GitHub user tenthe created a discussion: Connect Library Refactoring: 
Introducing Function Transformation Step For Adapter Creation

I'd like to propose a significant refactoring and enhancement of the 
StreamPipes Connect module. 
The goal is to **simplify the application logic, improve the user experience, 
and vastly increase the flexibility** when connecting to new data sources, 
especially those with complex data structures.
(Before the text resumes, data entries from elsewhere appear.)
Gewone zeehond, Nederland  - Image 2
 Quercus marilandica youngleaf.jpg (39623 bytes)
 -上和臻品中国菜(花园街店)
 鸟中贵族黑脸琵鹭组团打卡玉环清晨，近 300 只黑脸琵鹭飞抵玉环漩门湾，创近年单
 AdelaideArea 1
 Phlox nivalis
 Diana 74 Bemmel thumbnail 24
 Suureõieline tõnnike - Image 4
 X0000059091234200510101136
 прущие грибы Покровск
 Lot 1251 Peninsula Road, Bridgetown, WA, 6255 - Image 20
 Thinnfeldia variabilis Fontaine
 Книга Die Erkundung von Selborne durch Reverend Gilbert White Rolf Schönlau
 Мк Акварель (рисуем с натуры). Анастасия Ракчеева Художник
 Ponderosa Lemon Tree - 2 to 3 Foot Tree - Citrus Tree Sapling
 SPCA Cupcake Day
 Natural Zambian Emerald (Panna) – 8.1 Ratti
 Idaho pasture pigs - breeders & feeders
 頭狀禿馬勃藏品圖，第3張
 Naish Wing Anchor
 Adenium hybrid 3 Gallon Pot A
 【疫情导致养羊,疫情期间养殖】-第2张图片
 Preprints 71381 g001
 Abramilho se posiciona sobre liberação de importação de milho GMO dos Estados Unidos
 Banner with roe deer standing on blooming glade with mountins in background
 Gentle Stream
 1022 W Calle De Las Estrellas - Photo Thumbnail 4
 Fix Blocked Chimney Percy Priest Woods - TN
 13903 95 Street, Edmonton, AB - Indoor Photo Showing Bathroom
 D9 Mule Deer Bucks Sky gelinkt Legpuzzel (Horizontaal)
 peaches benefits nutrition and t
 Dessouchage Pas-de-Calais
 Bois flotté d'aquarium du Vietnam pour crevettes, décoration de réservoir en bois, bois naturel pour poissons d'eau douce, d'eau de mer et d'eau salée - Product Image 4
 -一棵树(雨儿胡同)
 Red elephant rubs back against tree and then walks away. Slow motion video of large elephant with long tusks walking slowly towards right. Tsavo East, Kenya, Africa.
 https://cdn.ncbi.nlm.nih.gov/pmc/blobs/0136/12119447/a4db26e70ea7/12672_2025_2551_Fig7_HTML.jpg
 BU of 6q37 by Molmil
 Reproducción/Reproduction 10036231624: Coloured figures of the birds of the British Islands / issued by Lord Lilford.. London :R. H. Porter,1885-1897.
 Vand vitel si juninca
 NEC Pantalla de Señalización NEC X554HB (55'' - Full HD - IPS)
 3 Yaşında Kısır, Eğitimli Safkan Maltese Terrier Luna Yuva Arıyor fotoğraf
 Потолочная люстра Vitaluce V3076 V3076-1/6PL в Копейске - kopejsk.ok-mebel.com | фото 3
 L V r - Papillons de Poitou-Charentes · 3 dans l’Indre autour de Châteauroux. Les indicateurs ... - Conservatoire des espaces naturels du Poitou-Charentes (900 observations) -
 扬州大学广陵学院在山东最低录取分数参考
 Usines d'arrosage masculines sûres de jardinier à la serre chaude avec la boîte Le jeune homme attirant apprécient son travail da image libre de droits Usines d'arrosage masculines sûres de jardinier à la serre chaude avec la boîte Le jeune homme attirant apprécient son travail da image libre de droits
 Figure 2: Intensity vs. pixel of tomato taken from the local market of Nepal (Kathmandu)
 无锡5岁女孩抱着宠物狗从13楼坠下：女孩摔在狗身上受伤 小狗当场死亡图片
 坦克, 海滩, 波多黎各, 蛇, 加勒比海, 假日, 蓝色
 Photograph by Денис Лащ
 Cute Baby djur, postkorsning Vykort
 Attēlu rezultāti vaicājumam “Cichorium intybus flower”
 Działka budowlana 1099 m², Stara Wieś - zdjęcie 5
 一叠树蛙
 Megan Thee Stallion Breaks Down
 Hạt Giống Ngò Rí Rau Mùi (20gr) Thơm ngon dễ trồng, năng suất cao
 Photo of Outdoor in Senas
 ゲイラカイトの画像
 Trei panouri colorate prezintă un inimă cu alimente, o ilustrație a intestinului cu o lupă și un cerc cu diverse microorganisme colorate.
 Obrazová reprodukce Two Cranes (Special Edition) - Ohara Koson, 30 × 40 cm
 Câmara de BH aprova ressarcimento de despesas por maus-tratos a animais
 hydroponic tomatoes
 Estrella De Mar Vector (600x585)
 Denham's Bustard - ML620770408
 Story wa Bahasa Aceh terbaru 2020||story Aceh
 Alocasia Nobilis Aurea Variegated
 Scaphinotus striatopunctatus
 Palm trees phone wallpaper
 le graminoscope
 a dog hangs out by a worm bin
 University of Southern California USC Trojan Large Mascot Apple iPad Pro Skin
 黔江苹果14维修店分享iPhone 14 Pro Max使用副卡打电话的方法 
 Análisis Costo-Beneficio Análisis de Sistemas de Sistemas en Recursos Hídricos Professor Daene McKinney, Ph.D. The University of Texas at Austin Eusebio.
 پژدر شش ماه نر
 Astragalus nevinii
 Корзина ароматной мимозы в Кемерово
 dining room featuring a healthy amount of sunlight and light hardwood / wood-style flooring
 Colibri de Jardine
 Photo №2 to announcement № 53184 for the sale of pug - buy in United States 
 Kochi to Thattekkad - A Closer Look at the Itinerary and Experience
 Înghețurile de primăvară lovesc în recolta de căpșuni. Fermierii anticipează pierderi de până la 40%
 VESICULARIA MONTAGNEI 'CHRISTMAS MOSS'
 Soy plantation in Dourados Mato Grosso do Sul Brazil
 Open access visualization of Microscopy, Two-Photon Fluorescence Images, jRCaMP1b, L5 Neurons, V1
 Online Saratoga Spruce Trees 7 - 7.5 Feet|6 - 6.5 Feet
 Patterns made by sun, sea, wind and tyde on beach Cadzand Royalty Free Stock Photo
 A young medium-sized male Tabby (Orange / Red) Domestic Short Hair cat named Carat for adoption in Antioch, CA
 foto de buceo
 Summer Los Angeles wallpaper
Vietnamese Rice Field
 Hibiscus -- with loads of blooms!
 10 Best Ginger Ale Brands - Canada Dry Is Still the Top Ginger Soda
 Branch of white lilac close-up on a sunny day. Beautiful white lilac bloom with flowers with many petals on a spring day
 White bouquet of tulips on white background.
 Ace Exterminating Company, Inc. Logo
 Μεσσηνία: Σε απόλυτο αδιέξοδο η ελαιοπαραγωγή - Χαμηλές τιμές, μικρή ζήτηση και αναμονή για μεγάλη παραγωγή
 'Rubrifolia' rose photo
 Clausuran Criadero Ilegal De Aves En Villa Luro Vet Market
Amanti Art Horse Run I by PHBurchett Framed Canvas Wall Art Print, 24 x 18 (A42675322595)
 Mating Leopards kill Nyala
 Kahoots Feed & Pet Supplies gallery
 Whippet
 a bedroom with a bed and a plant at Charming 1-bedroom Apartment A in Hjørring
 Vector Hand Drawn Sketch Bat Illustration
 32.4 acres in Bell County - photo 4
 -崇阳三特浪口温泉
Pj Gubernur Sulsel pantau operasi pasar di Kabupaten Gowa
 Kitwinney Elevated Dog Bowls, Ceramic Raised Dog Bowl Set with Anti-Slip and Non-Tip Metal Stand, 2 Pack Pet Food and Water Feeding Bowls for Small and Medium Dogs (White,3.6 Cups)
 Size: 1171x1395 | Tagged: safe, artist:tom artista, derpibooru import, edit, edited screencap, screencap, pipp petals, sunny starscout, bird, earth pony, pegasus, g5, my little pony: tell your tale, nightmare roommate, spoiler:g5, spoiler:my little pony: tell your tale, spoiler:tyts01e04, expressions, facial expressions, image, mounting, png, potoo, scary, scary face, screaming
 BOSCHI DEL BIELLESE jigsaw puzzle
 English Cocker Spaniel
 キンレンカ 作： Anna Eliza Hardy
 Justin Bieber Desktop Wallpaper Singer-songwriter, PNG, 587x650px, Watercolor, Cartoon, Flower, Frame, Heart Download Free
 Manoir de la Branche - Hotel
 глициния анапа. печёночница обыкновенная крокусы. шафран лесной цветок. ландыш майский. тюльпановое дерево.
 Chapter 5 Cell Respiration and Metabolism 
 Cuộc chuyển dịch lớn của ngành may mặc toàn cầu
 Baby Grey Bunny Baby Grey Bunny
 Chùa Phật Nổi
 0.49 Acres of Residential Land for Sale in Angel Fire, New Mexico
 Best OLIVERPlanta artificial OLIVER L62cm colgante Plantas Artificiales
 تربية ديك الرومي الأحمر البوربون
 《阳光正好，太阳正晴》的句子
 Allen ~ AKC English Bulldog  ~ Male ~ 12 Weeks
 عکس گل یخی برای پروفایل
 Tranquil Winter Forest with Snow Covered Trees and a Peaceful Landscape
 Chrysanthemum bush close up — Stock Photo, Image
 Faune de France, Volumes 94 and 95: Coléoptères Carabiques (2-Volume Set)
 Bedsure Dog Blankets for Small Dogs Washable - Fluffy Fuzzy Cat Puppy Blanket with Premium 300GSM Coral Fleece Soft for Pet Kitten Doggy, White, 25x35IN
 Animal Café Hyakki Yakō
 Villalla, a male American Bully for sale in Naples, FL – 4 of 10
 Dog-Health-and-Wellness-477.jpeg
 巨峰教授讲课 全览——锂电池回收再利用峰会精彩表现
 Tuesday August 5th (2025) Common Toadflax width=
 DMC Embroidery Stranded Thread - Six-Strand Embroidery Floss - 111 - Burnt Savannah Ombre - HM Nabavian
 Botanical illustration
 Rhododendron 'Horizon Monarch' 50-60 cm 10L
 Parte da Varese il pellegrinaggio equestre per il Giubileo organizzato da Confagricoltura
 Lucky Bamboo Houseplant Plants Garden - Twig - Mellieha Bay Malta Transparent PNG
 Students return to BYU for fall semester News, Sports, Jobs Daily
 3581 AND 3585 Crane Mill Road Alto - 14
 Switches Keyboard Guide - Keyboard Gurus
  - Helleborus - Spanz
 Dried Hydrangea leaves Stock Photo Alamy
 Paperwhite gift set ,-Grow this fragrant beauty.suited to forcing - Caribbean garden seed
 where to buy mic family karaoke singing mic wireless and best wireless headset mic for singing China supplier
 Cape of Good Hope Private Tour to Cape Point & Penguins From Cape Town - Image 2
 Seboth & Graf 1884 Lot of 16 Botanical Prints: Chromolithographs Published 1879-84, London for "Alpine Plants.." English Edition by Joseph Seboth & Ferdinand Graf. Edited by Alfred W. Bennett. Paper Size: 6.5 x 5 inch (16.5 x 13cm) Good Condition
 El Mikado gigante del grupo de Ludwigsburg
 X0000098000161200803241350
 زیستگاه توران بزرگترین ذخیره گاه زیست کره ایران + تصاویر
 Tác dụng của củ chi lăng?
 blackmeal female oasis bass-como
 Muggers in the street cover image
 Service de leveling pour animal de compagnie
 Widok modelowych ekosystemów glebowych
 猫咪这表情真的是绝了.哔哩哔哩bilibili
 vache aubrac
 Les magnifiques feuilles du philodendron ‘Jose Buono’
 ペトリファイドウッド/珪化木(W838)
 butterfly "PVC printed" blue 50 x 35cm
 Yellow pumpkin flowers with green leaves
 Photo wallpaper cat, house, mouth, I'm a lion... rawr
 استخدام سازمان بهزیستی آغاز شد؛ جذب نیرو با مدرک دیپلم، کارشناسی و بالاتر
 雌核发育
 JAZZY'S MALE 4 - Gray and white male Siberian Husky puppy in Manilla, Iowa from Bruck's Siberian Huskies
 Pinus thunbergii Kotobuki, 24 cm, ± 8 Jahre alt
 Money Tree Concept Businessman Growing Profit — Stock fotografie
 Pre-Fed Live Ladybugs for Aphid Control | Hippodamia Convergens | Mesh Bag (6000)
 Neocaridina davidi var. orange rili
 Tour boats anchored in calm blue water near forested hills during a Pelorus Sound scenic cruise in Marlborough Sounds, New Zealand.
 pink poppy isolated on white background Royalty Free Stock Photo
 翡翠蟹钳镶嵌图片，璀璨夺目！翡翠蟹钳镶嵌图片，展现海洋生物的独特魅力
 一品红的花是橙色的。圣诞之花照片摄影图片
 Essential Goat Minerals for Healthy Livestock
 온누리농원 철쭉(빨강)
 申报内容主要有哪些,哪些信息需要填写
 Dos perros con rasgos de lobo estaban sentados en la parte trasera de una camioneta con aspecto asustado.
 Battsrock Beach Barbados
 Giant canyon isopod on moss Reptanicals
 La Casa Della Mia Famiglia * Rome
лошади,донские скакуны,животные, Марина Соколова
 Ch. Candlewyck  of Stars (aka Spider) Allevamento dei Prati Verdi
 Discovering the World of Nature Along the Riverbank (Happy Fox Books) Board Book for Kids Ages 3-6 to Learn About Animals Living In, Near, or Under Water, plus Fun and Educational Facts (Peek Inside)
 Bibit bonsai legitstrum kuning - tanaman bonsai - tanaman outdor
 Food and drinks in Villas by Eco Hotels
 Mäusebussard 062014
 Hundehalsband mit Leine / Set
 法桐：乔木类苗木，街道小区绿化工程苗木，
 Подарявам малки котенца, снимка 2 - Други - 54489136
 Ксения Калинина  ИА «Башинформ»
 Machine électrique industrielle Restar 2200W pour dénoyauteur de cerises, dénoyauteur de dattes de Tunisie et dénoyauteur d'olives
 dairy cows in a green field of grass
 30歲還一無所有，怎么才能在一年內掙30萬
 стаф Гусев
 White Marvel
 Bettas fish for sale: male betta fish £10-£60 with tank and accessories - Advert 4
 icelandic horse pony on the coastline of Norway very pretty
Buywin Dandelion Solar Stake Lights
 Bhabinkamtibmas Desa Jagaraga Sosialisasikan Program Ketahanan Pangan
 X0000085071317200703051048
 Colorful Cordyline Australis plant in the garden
I've already started a prototype implementation in PR #4033, which helped 
validate the approach and confirmed the potential for a much simpler connection 
creation process.

### ❓ The Problem with Current Capabilities

The current Connect module faces three key limitations that complicate its use 
for end-users:

1.  **Complex JSON Structures:** Applying necessary data transformations (e.g., 
extracting values from nested properties) to complex or deeply nested JSON 
structures is currently tedious and overly complicated, relying on a rigid set 
of pre-defined transformation rules.
2.  **Rigid Adapter Schema:** Connecting new, unique data sources often 
requires the implementation of a new, custom adapter just to handle a specific 
parsing or schema mapping logic.
3. **Reconstructing Original Event During Editing:** Since we currently do not 
store the event schema before and after rule transformations, complex 
application logic is required to infer the schema when a user edits an adapter.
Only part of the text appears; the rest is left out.